● Supplied information:

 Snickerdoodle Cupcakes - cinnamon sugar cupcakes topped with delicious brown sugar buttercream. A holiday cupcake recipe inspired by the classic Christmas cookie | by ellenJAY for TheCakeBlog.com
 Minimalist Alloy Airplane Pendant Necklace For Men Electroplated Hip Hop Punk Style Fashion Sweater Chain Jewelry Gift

---

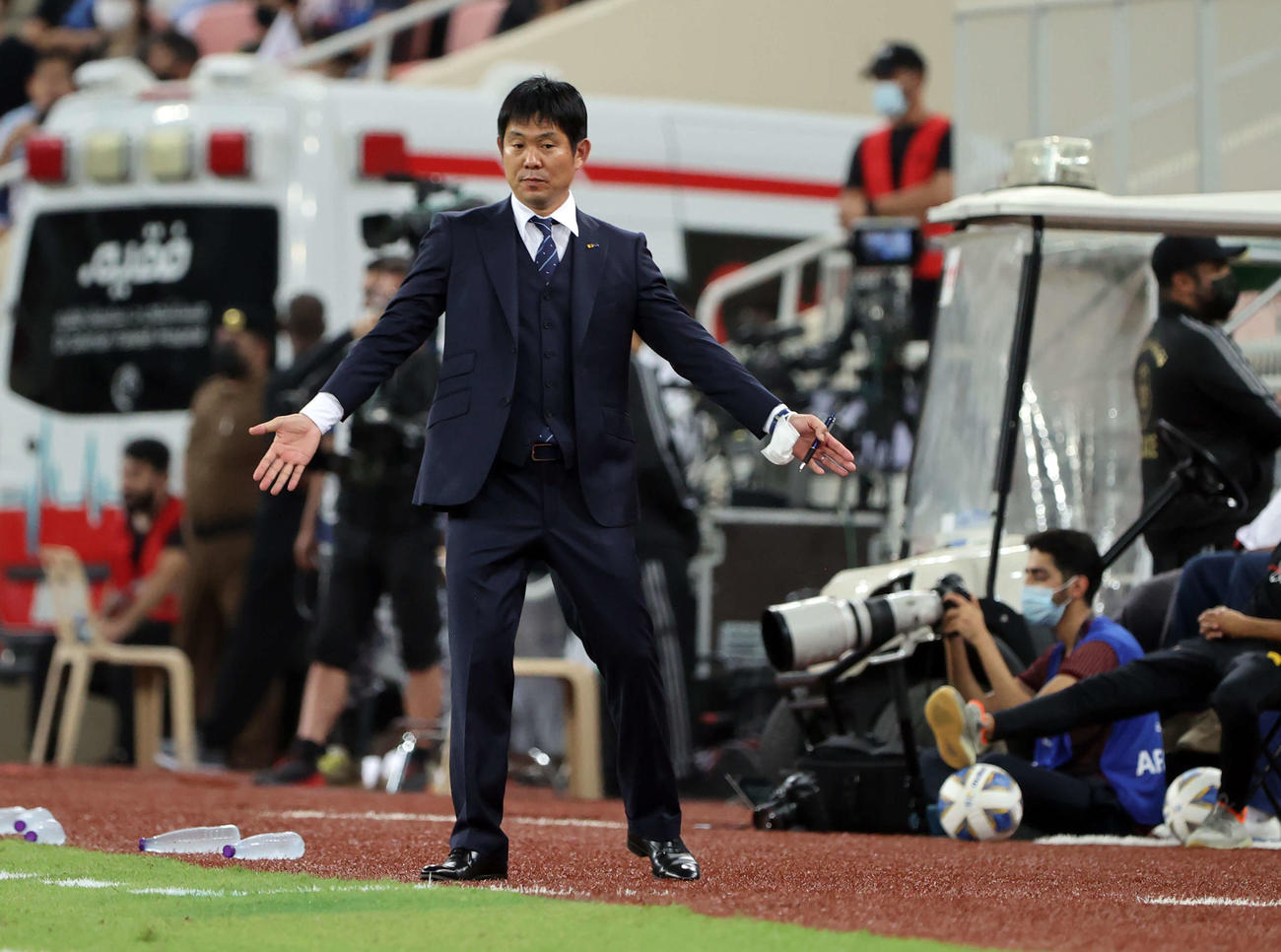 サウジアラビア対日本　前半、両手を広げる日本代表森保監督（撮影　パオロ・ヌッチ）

---

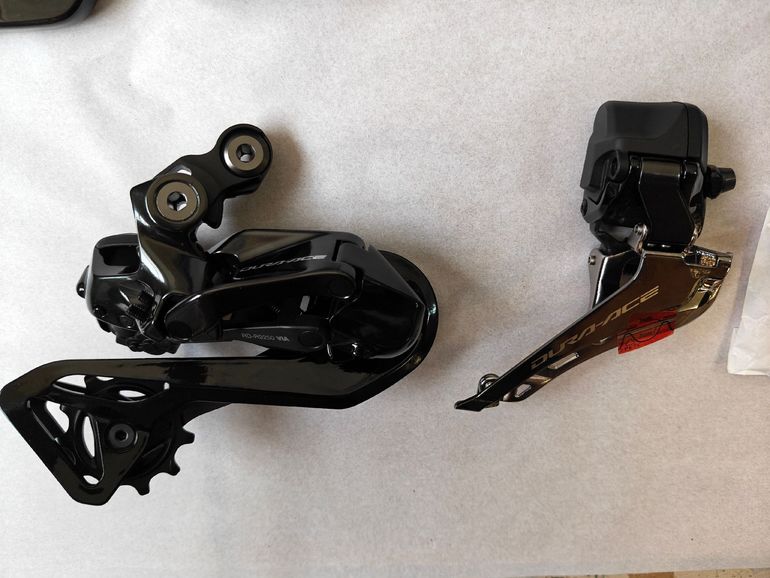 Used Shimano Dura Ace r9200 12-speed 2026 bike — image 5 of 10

● Task goal:
Look above for the line containing "Snickerdoodle Cupcakes - cinnamon" and the line containing "Minimalist Alloy Airplane". Transcribe both, with the lines between them, exactly.

● Written response:
 Snickerdoodle Cupcakes - cinnamon sugar cupcakes topped with delicious brown sugar buttercream. A holiday cupcake recipe inspired by the classic Christmas cookie | by ellenJAY for TheCakeBlog.com
 Minimalist Alloy Airplane Pendant Necklace For Men Electroplated Hip Hop Punk Style Fashion Sweater Chain Jewelry Gift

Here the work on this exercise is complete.